- **EXERCISE GOAL**
Starting from the first line, set down the entire listing exactly.

- **DATA EXCERPT**
*** Block opens ***

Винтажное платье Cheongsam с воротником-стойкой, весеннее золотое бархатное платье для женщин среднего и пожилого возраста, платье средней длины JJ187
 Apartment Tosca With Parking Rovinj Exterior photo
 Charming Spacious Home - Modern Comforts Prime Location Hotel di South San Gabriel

*** Block closes ***

- **ANSWER SPACE**
Винтажное платье Cheongsam с воротником-стойкой, весеннее золотое бархатное платье для женщин среднего и пожилого возраста, платье средней длины JJ187
 Apartment Tosca With Parking Rovinj Exterior photo
 Charming Spacious Home - Modern Comforts Prime Location Hotel di South San Gabriel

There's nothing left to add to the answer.